L’Amour Fou de Pierre Thoretton diffusé en ce moment à l’IFC c’est un documentaire (sur l’art et la mode), un biopic (sur Yves Saint-Laurent), une histoire d’amour (celle qui unissait Pierre Berge à Yves Saint-Laurent). Au final c’est si beau à regarder que cela en devient une œuvre d’art à part entière.
Le film s’ouvre sur la fin d’une époque : le discours en 2002 par lequel Yves Saint-Laurent annonçait dans une vive émotion son retrait du monde de la mode.

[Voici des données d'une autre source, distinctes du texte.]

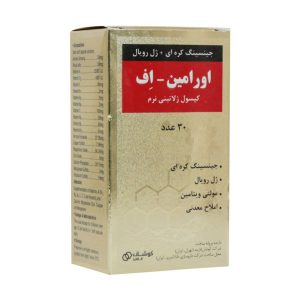 کپسول نرم  ژلاتینی اورامین اف ۳۰ عددی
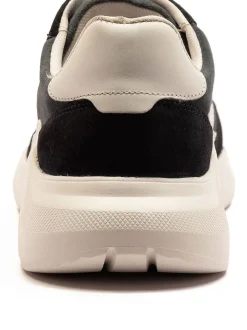Off The Hook Blue Collins Casual Lace-Up Leather Trainers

Les mots d’ Yves s’enchaînent comme des mannequins marcheraient sur un podium, rappelant l’influence de la littérature – et plus particulièrement de Proust – sur le créateur.
Le film rend d’ailleurs hommage à cette influence, à ce mariage des arts qui se fit entre les mots d’auteurs de chevets qui servirent de guides à Yves Saint-Laurent, la mode dont il définit le concept même et son extraordinaire travail de collectionneur. Le film est en effet centré autour d’un conteur – Pierre Bergé – venu raconter son histoire préférée, celle dont on ne veut pas trop vite connaître la fin, mais il est aussi peuplé d’images d’archives qui nous replongent dans la magie des défilés Saint-Laurent et centré autour d’un fil conducteur la vente de la collection de Pierre Berge et Yves Saint-Laurent.
Ce film est donc un véritable voyage stylistique : les images sont superbes et si la vie des deux hommes fut en demi-teintes l’expérience pour le spectateur n’est que calme, luxe et volupté entre Marrakech, Paris et New York. La voix et les mots de Bergé sont toujours justes et nous bercent, nous dévoilant avec pudeur et honnêteté une romance de quarante années.
Les intervenants sont peu nombreux et toujours justes. Quelques femmes – celles qui furent les muses d’ Yves Saint-Laurent – nous rappellent la part que joua le créateur dans l’appropriation d’une mode « égalitaire ». Jack Lang vient souligner le rôle déterminant du couple sur l’acceptation de la communauté LGBT.
Les images finales de la vente aux enchères sont envoutantes et cette valse des millions ramènent les spectateurs a la réalité financière du couple jusque la oubliée dans ce cocon de raffinement.